So the task is to determine what is the minimum time required so that all the oranges become rotten. A rotten orange at index [i, j] can rot other fresh oranges at indexes [i – 1, j], [i + 1, j], [i, j – 1], [i, j + 1] (up, down, left and right).
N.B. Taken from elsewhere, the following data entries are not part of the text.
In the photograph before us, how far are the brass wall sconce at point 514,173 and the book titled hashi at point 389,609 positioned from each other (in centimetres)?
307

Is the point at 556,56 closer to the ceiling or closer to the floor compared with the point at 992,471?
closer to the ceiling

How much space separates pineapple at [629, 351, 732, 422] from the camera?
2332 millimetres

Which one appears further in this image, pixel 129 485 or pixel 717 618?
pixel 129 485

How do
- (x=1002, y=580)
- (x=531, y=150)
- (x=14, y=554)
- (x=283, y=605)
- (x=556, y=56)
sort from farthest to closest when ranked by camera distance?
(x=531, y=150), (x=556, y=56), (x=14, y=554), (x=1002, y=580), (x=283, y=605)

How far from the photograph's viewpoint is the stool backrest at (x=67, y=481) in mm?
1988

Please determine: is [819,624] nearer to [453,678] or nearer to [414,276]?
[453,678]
If it is impossible to rot every orange then simply return -1.
Examples: 

Input: arr[][] = { 
{2, 1, 0, 2, 1}, 
{1, 0, 1, 2, 1}, 
{1, 0, 0, 2, 1}}; 
Output:
In the first unit of time, all the oranges will be rotten 
except the first orange of the last row 
which will get rotten in the second unit of time.

Input: arr[][] = 
{{2, 1, 0, 2, 1}, 
{0, 0, 1, 2, 1}, 
{1, 0, 0, 2, 1}}; 
Output: -1 

Approach: A BFS based approach has been discussed here.



In this post, we solve the problem using Dynamic Programming.
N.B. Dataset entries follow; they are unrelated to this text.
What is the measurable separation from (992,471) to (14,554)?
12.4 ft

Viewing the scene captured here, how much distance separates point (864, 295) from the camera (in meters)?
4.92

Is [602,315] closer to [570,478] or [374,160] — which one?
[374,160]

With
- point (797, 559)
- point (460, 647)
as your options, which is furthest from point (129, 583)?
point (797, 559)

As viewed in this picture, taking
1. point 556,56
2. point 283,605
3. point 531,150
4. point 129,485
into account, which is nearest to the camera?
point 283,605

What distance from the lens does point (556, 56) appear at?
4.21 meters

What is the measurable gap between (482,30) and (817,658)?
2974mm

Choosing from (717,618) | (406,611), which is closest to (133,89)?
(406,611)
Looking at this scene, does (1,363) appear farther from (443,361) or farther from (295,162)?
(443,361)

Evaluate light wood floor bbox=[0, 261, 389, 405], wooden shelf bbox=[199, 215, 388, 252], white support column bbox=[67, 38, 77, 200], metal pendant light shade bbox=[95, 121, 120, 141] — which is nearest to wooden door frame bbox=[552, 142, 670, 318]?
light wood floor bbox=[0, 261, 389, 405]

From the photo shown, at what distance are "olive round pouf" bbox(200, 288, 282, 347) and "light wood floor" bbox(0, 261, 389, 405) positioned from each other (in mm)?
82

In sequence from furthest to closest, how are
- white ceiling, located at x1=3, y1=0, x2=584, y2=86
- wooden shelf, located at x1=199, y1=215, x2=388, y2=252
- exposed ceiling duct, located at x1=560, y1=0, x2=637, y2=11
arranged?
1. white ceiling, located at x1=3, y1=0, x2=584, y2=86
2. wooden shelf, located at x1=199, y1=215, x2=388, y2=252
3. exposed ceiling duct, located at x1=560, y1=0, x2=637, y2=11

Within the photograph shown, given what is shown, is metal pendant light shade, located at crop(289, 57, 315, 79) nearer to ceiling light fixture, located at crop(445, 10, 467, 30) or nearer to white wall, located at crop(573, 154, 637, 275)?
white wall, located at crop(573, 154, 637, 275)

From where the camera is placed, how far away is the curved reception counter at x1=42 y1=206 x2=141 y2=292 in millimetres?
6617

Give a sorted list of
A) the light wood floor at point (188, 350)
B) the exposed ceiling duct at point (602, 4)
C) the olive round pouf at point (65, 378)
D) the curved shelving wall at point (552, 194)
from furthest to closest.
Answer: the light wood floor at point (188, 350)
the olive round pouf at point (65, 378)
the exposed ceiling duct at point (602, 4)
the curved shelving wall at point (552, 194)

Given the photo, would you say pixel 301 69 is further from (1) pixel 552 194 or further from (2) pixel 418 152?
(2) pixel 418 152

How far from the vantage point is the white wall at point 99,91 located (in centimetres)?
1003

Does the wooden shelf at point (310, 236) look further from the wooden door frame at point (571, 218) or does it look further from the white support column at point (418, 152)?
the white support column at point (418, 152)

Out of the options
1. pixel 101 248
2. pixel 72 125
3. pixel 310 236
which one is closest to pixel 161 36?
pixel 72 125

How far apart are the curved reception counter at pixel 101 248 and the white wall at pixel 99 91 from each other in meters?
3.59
Every orange needs to be rotten. Any orange can be rotten by its nearest rotten orange. So, for every orange which is not rotten yet, we find its minimum distance from rotten orange, Then we take the maximum of all which will represent the minimum time required to rot all oranges.

Let dp(i, j) = Minimum Distance of this orange from any rotten orange So, the DP states will be: 

dp(i, j) = 0 if arr[i][j] == 2 
dp(i, j) = INT_MAX if arr[i][j] == 0 

if dp(i, j) >0 and dp(i, j)<INT_MAX 
then dp(i, j) = min(dp(i, j) , 1 + min(dp(i + 1, j), 
                                  dp(i – 1, j), dp(i, j + 1), dp(i, j – 1)))

else dp(i, j) = 1 + min(dp(i + 1, j), dp(i – 1, j), dp(i, j + 1), dp(i, j – 1))

And our answer will be max(dp(i, j)) for all i, j where arr[i][j] == 1.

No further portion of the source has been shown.